Royal Navy nuclear submarine navigation problems?

A written answer in the House of Commons from the Minister for Defence Equipment, Support and Technology, Peter Luff, suggests there is a problem with Royal Navy submarine navigation systems or crew training.

Luff was asked by Angus Robertson MP how many collisions involving a UK nuclear-powered submarine and (a) another submarine, (b) another naval vessel, (c) a private vessel and (d) a merchant vessel there have been since 1979; and how many grounding incidents involving UK nuclear-powered submarines there have been since 2008. The response showed there have been four serious incidents in the last two years after a period of five years where no incidents were reported. Luff replied that:

The full list of incidents of collisions and groundings involving Royal Navy nuclear powered submarines for which the Royal Navy holds records is as follows:

HMS Astute grounded off the Isle of Skye in October 2010.
HMS Torbay grounded in the Eastern Mediterranean in April 2009.
HMS Vanguard collided with FS Le Triomphant in February 2009.
HMS Superb grounded in the Red Sea in May 2008.

HMS Tireless struck an iceberg while on Arctic Patrol in May 2003.
HMS Trafalgar grounded on Fladda-chuain in November 2002.
HMS Triumph grounded in November 2000.
HMS Victorious grounded, while surfaced, on Skelmorlie Bank in November 2000.

HMS Trenchant grounded off the coast of Australia in July 1997.
HMS Repulse grounded in the North Channel in July 1996.
HMS Trafalgar grounded off the Isle of Skye in July 1996.
HMS Valliant grounded in the North Norwegian Sea in March 1991.
HMS Trenchant snagged the fishing vessel Antares in the Arran Trench in November 1990.

HMS Spartan grounded west of Scotland in October 1989.
HMS Sceptre snagged the fishing vessel Scotia in November 1989.
HMS Conqueror collided with the yacht Dalriada off the Northern Irish coast in July 1988.

Despite Luff’s answer to a separate question about training to avoid collisions and groundings that courses are comprehensive, complex and demanding it seems the problem is getting worse. Perhaps the UK strategy is that Britannia should give up pretending to rule the waves and rule the seabed instead.

3 Responses to “Royal Navy nuclear submarine navigation problems?”


  1. 1 Agincourt 03/11/2010 at 10:51 am

    This is serious. 3 incidents involved ballistic missile submarines (SSBNs) – Vanguard, Victorious, & Repulse. And at least 8 of these reported incidents were in UK waters, which surely should be fully surveyed – & kept so up to date.
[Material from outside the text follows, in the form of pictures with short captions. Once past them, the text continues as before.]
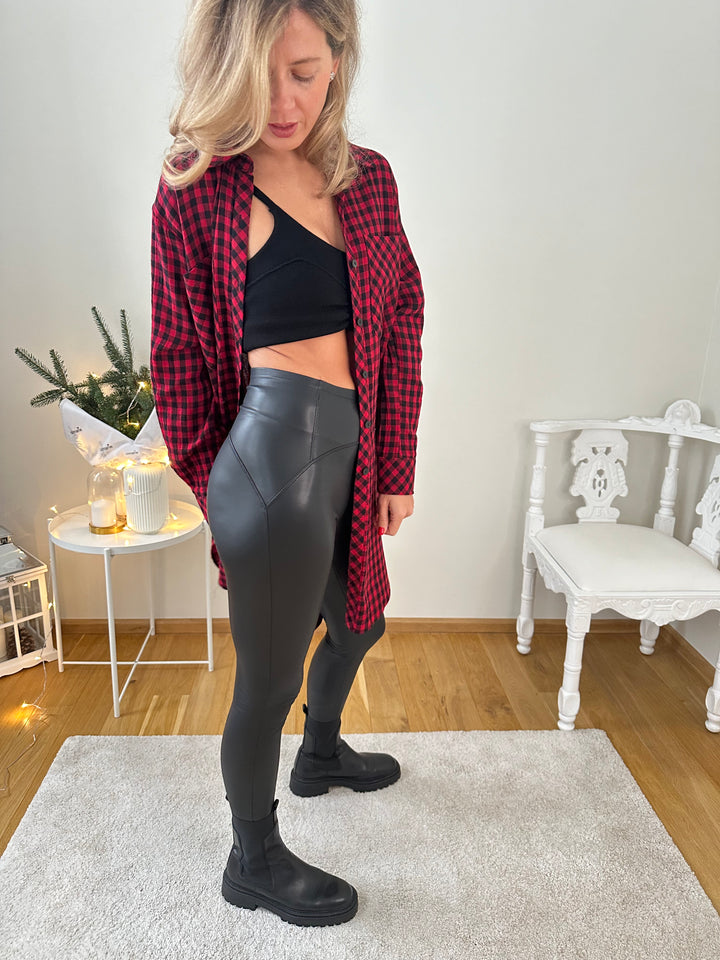 Black faux leather leggings 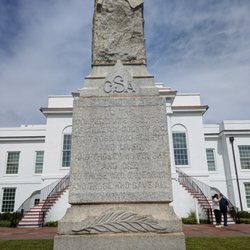 Colleton County Courthouse - Civil War memorial at the Colleton County Courthouse, Walterboro
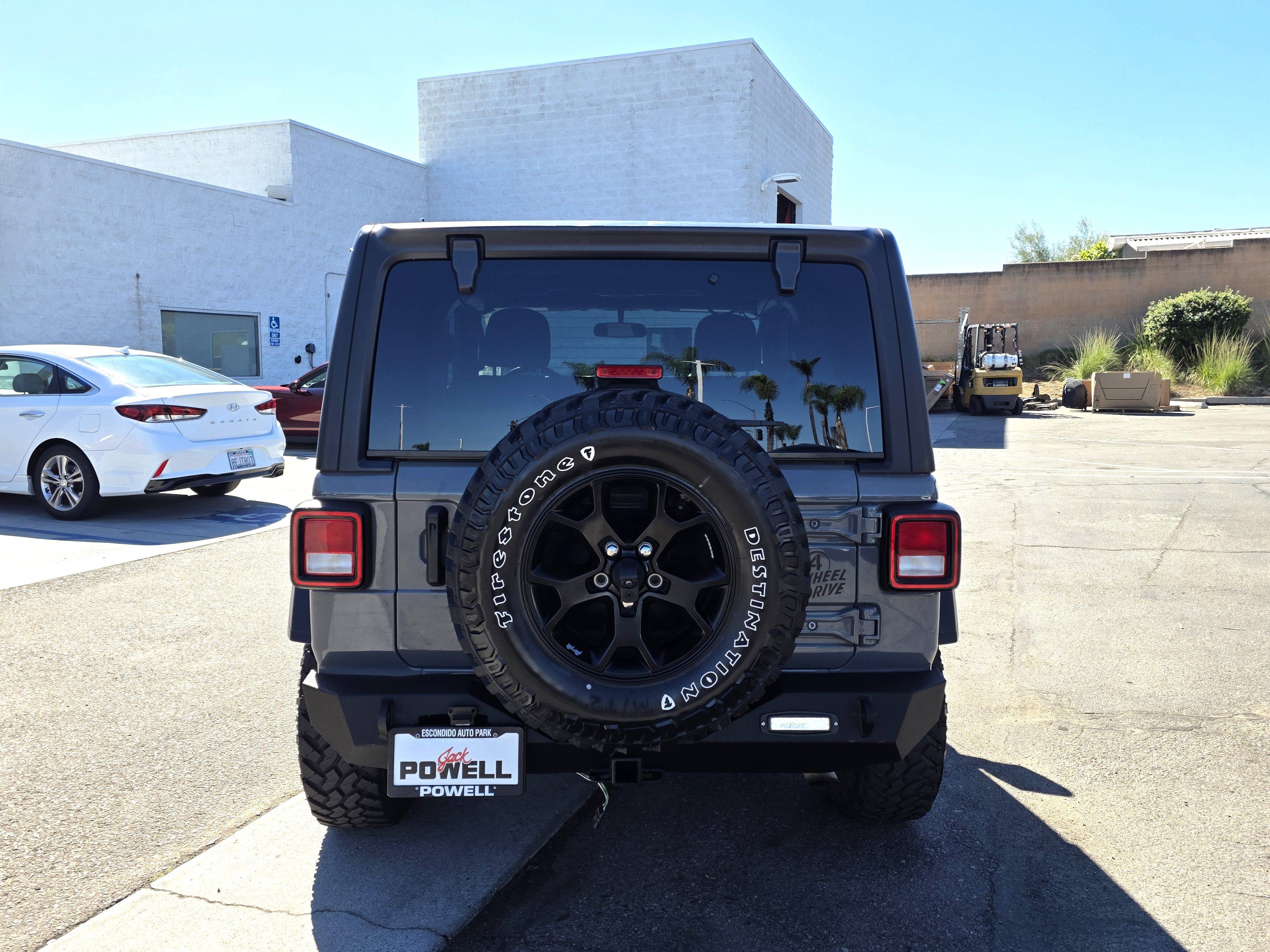 Used 2022 Jeep Wrangler Sport AWD/4WD image 4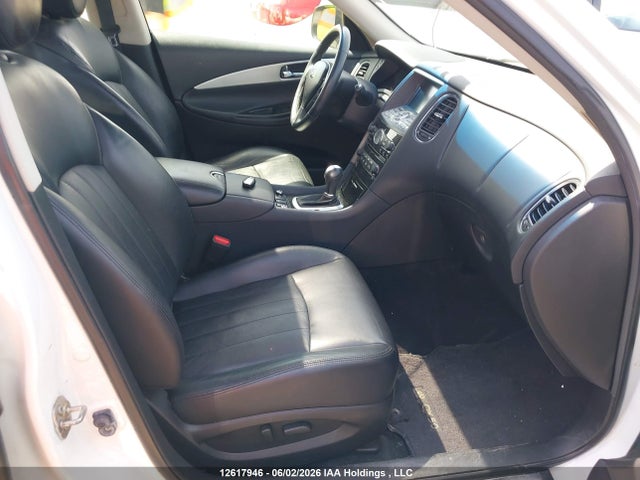 JN1BJ0RR9HM408432 Infiniti QX50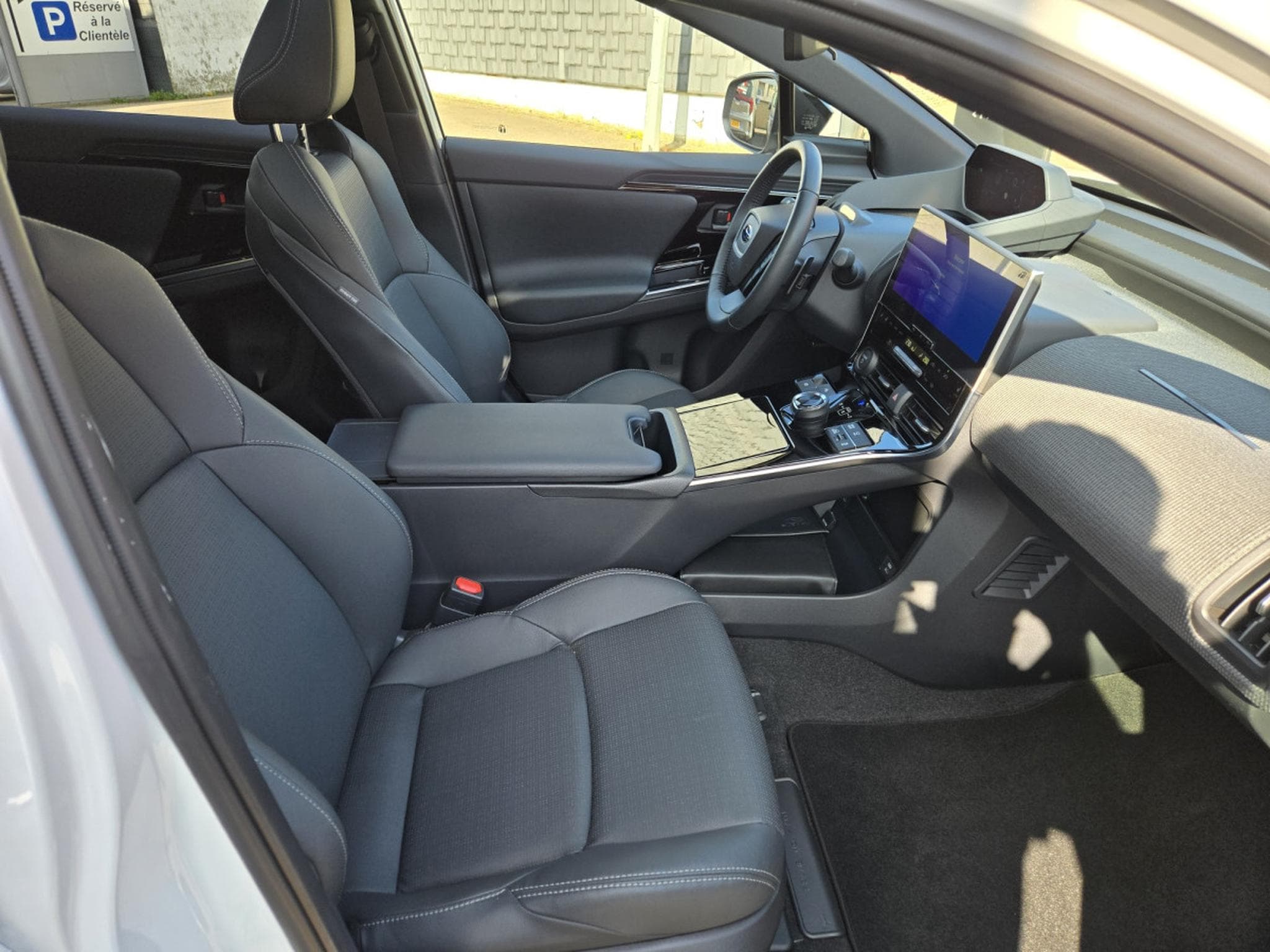 Subaru Solterra SUBARU SOLTERRA (2023) - Photo 8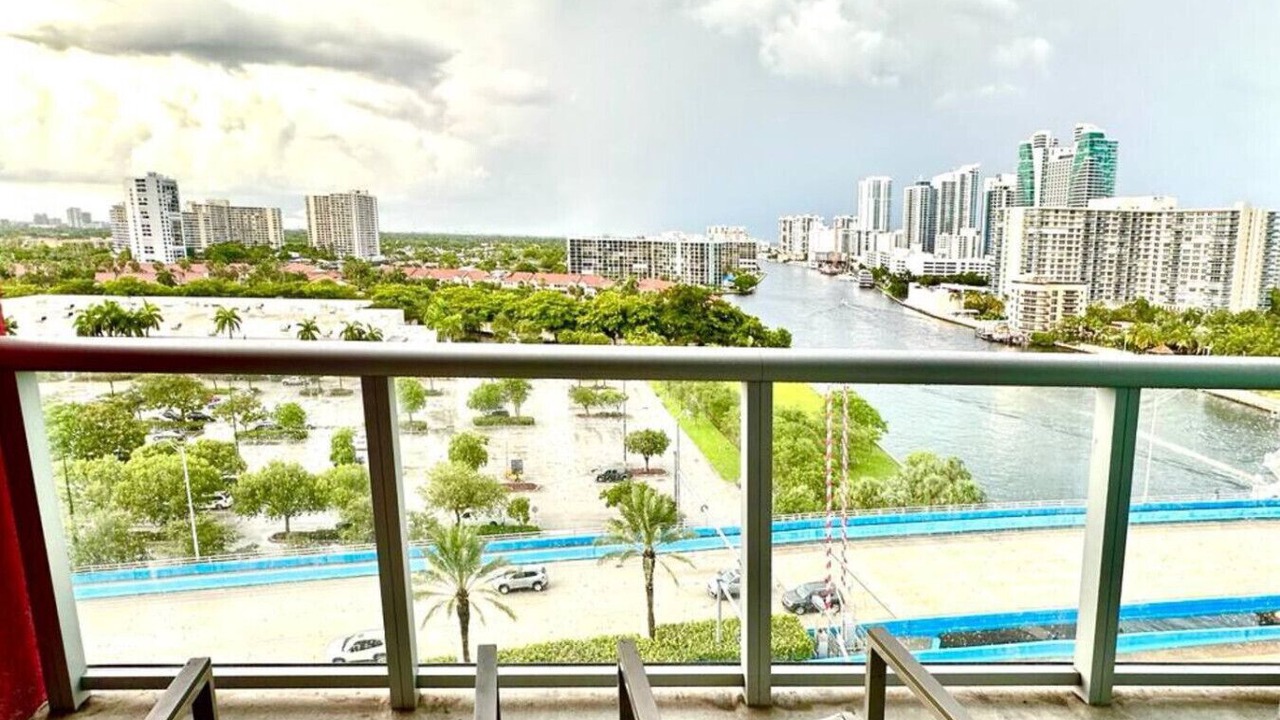 Photo of Outdoor in Hallandale Beach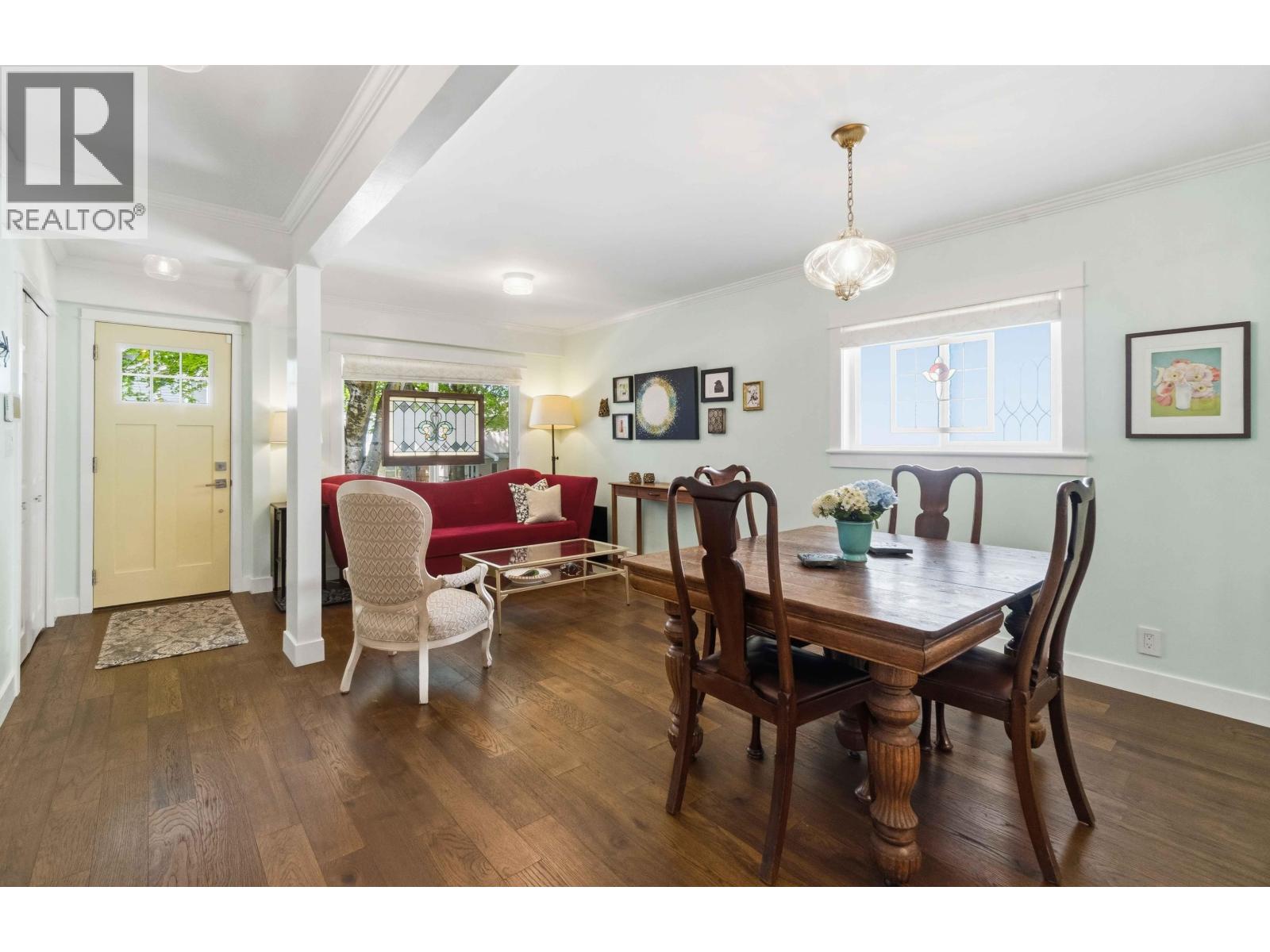 4322 Welwyn Street, Vancouver, British Columbia  V5N 3Z4 - Photo 2 - R3131363
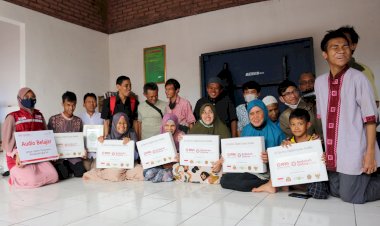 PPPA Daarul Qur'an Cirebon Salurkan Al-Qur'an Braile Audio untuk Santri Tunanetra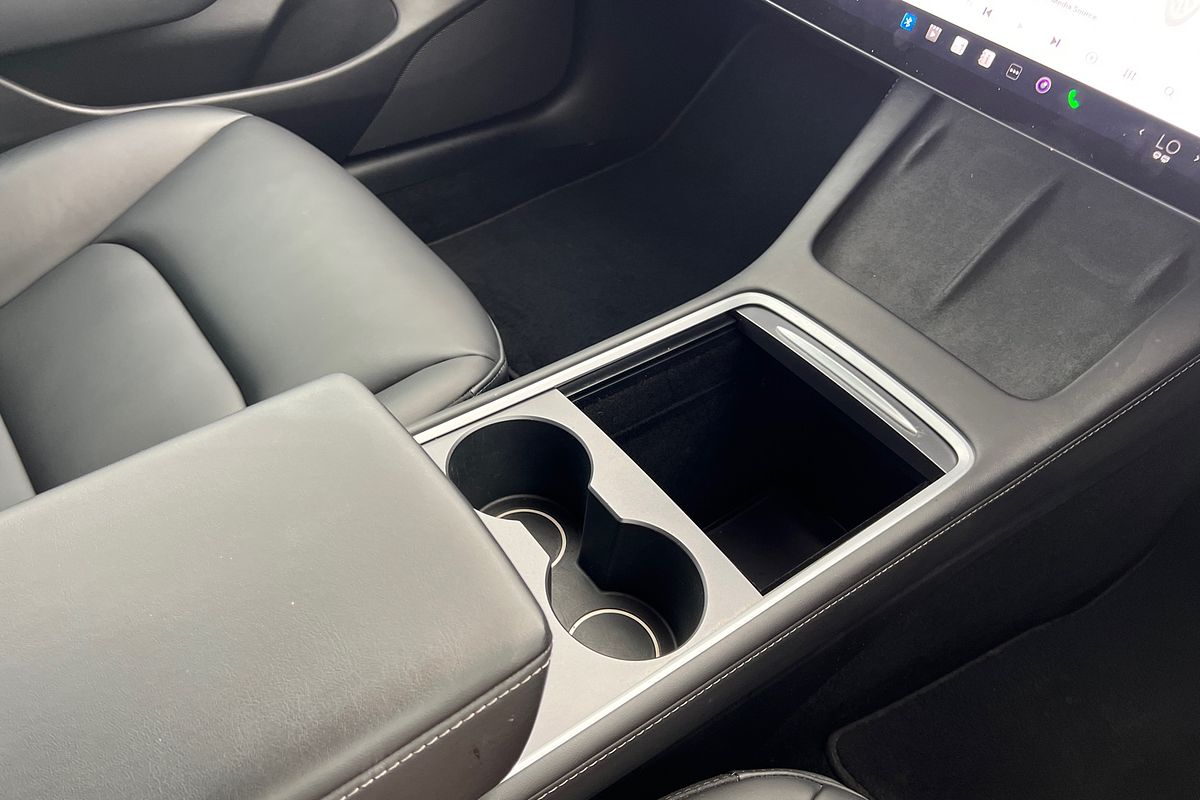 2022 Tesla Model 3 Rear-Wheel Drive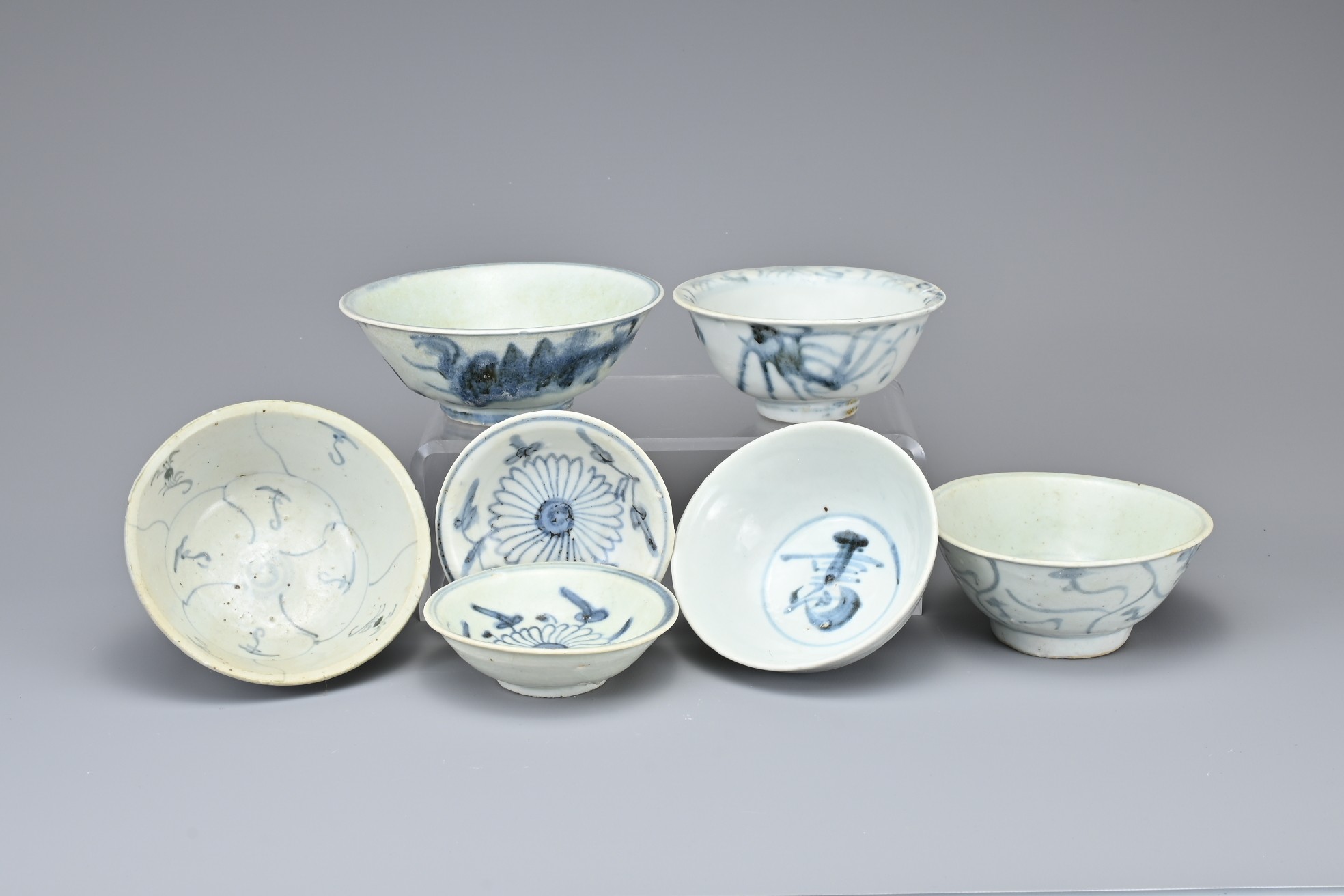 A GROUP OF CHINESE BLUE AND WHITE PORCELAIN ITEMS, MING TO QING DYNASTY. Comprising a ewer with four - Image 7 of 18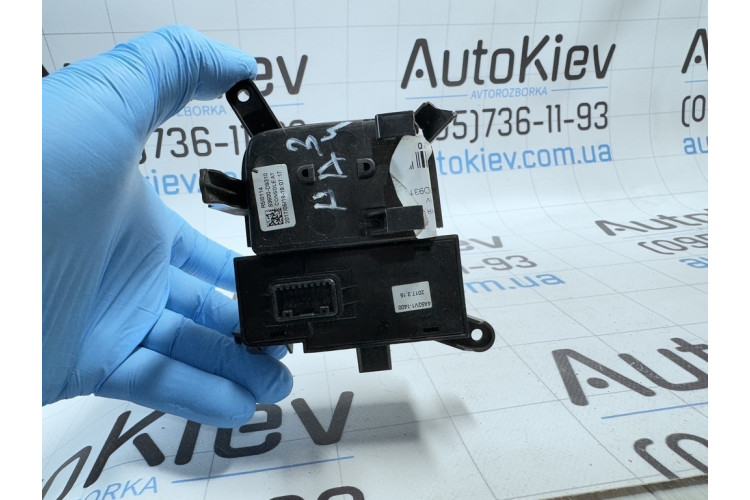 Блок кнопок управления (отломано крепление) Kia Sportage 2016-2021 93600D9310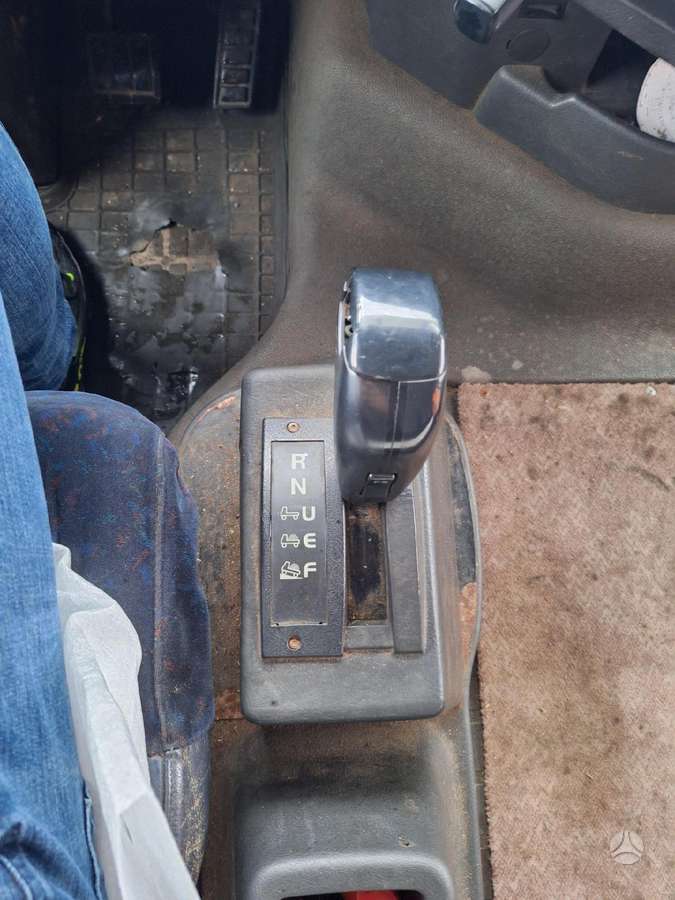 Volvo FH12, platformos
I also recall that when the Canadians received the SSK HMS Upholder, after buying it & its 3 sister boats from Britain, they found that it had a huge dent in its hull, & that when it (or one of its sister boats) was being transferred across the Atlantic to Canada under a Canadian crew, almost sank – with the tragic loss of one of its crew members.

    Something’s clearly at fault – the surveying, training, navigation etc. Could it be the unavoidable dependence on passive sonar to ensure maximum stealth has a downside in inadequately surveyed waters?

    Final point about SSBNs: co-operating closely with the French as our new half-wit government proposes over nuclear deterrence matters will inevitably compromise the sharing by Britain of US nuclear secrets – which the US are unlikely (at this stage, at least) to want to do so with France. So co-operating closely with France in the future, will mean less US secrets coming our way. I wonder if the MoD & the FCO have thought that little matter through at all. Probably not!

  2. 2 Propulsor 04/11/2010 at 7:32 am

    The incident involving HMS Upholder (which became HMS Chicoutimi) which led to the loss of a life, was shown to be the result of the Skipper running on the surface in appalling weather conditions with both upper and lower connining tower hatches open. Sea water partially flooded the control from and coursed into the area where electrical cables passed through a bulkhead causing the insulation to fail leading to a major fire.